Case Study

We will be looking at a large data set containing information on the details of hotel bookings from around the United States. Data sets like this contain a lot of useful information to help business understand their customers and the services they require. However, it is too big of a data set to manipulate and investigate directly in a spreadsheet.

A definition of all variables is given in the Data dictionary section at the end, though you don’t need to familiarize yourself with all variables in order to work through these exercises.

Learning Goals

Load data into R from an external file
Learn how to see a quick summary of data sets in R
Select variables of interest from a data set
Filter a data set by desired characteristics of variables
Group and count variables
Mutate data to create new variables
Summarize variables by values like the mean, median, etc.

Instructions

On lines 3 and 4 replace the existing text with your name and data
Except for the YAML and code needed to load the packages and the data, delete all the text prior to Exercises
After Exercises the only text that should appear are the questions and your answers to them
Delete all the comments that have been left for you in the code chunks
Include all code in the final submission

Getting Started

We will start by loading the package required to complete this lab:

library(tidyverse)
library(skimr)

Loading Data into R

In this lab we will import data into R, as opposed to using a data set that is already stored in a package. The functions used to load data are specific to the type of file we have saved our data as. For example:

read_csv: loads data saved as a .csv (comma dilimited) file
read_tsv: loads data saved as a .tsv (tab-seperated value) file
read_delim: loads data saved with other deliminators, often used with .txt (text) files

The most common file type we will use is a .csv file, and therefore we will most regularly use the read_csv function. One of the reasons for this is that comma delimited files can be used to move information between programs that aren’t ordinarily able to exchange data. For example, even if we create and save our data in Excel, we will still be able to share it with someone who uses Numbers.

In order for R to load the data set, we need to tell it where to look. This can be any number of places, from folder on our computer to a website. For this lab, we will direct R to install a data set called hotels.csv.

The hotel.csv file can be found on Canvas. To load this data into R, we will need download the file and save it to the same place that we have saved the Lab 1 template. The location where we save the files is important. If we don’t save it to the right place, R won’t be able to find it and we will get the following error message:

The “working directory” is where R is looking for the file. If we get this error message we can change the working directory by going to Session, choosing Set Working Directory, and then Choose Directory… after which we can select the location in which we have saved the data file.
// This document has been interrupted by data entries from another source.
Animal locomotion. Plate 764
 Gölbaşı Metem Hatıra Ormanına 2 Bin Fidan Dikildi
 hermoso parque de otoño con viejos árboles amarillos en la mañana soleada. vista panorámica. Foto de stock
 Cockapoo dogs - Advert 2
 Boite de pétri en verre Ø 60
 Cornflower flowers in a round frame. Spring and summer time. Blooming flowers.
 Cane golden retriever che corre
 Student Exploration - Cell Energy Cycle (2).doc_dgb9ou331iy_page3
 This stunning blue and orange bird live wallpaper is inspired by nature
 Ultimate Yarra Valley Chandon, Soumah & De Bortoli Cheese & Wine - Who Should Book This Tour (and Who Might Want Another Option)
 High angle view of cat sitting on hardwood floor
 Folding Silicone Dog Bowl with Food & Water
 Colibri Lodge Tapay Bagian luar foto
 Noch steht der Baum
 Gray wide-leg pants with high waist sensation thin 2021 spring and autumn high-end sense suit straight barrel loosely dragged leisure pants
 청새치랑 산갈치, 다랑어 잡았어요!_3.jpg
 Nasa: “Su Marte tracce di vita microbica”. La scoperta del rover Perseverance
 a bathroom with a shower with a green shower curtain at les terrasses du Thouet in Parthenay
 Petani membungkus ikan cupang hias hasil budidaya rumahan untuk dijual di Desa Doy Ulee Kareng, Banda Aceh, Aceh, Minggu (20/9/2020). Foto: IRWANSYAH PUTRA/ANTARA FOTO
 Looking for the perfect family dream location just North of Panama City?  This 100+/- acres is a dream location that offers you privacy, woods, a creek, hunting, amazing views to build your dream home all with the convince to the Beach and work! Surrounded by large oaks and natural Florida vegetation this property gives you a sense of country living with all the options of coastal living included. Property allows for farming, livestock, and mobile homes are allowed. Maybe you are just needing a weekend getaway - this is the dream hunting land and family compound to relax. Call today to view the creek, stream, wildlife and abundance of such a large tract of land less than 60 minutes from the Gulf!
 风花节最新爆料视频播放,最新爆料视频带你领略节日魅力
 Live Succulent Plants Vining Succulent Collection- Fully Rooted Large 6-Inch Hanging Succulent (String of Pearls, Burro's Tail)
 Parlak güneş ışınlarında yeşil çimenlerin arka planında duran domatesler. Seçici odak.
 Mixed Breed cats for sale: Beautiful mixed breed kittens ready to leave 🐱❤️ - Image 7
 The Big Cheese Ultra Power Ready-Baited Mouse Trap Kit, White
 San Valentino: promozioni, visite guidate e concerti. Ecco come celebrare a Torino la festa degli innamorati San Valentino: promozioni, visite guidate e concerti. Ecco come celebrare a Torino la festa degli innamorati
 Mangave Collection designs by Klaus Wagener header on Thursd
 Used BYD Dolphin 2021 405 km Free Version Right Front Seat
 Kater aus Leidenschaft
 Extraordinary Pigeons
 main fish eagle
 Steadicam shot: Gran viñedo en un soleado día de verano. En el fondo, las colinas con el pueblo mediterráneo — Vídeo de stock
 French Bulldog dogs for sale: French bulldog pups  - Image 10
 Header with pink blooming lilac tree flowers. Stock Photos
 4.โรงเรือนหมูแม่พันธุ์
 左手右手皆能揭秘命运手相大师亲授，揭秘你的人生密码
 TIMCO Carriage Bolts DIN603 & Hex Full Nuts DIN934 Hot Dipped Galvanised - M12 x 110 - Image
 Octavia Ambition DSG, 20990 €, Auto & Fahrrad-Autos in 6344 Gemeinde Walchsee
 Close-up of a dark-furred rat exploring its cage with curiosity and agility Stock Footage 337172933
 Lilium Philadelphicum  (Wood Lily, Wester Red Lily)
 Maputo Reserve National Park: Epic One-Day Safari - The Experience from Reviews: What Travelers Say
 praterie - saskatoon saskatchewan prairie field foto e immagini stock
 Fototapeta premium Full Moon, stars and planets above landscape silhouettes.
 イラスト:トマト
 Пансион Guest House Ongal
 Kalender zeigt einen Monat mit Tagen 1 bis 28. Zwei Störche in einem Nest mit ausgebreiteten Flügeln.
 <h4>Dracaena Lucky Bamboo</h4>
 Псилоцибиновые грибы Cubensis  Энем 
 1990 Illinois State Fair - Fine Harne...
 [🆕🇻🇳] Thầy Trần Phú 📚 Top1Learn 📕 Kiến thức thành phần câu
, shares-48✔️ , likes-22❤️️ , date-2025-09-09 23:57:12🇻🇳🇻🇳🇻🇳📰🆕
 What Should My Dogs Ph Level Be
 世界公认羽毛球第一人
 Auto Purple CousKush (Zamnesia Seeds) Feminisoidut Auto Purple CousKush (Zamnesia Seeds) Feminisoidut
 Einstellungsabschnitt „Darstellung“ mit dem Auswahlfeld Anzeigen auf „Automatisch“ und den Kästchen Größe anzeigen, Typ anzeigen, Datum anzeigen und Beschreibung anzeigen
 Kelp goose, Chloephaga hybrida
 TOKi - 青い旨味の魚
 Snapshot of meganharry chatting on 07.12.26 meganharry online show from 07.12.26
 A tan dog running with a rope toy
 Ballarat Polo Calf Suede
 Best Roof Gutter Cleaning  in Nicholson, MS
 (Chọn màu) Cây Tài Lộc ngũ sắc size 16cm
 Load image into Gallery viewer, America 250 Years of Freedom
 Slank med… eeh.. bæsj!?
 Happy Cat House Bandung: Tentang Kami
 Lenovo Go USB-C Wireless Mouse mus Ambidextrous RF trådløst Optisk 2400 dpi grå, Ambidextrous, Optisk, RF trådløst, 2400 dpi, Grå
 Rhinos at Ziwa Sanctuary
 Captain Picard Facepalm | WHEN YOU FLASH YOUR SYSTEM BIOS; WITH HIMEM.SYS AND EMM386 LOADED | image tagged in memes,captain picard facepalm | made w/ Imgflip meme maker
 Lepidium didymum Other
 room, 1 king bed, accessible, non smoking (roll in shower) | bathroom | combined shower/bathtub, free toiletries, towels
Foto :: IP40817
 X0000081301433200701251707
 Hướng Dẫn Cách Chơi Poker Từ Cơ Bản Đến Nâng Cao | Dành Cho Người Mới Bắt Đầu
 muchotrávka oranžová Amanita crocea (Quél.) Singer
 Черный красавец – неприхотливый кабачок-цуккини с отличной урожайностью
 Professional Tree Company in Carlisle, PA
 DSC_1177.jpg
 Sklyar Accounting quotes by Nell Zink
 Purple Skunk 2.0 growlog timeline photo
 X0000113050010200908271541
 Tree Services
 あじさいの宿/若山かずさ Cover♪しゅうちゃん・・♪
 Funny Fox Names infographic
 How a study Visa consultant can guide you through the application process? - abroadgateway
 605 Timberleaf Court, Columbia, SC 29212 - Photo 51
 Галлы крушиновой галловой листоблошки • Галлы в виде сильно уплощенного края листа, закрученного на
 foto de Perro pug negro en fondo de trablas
We need to be careful if we decide to change the working directory, though, as this will also change the place where we save our RMarkdown file for the lab as well as the document it produces. It is generally easier to save the data file in the correct location in the first place.

We will also need to be careful with our spelling. R will only recognize a file name exactly as we have saved it, including spelling errors, extra spaces and capitalizations.

hotels <- read_csv("hotels.csv")

R makes a determination as to the type of variables we are loading into the program.R stores the data as either double, integer, complex, logical or character.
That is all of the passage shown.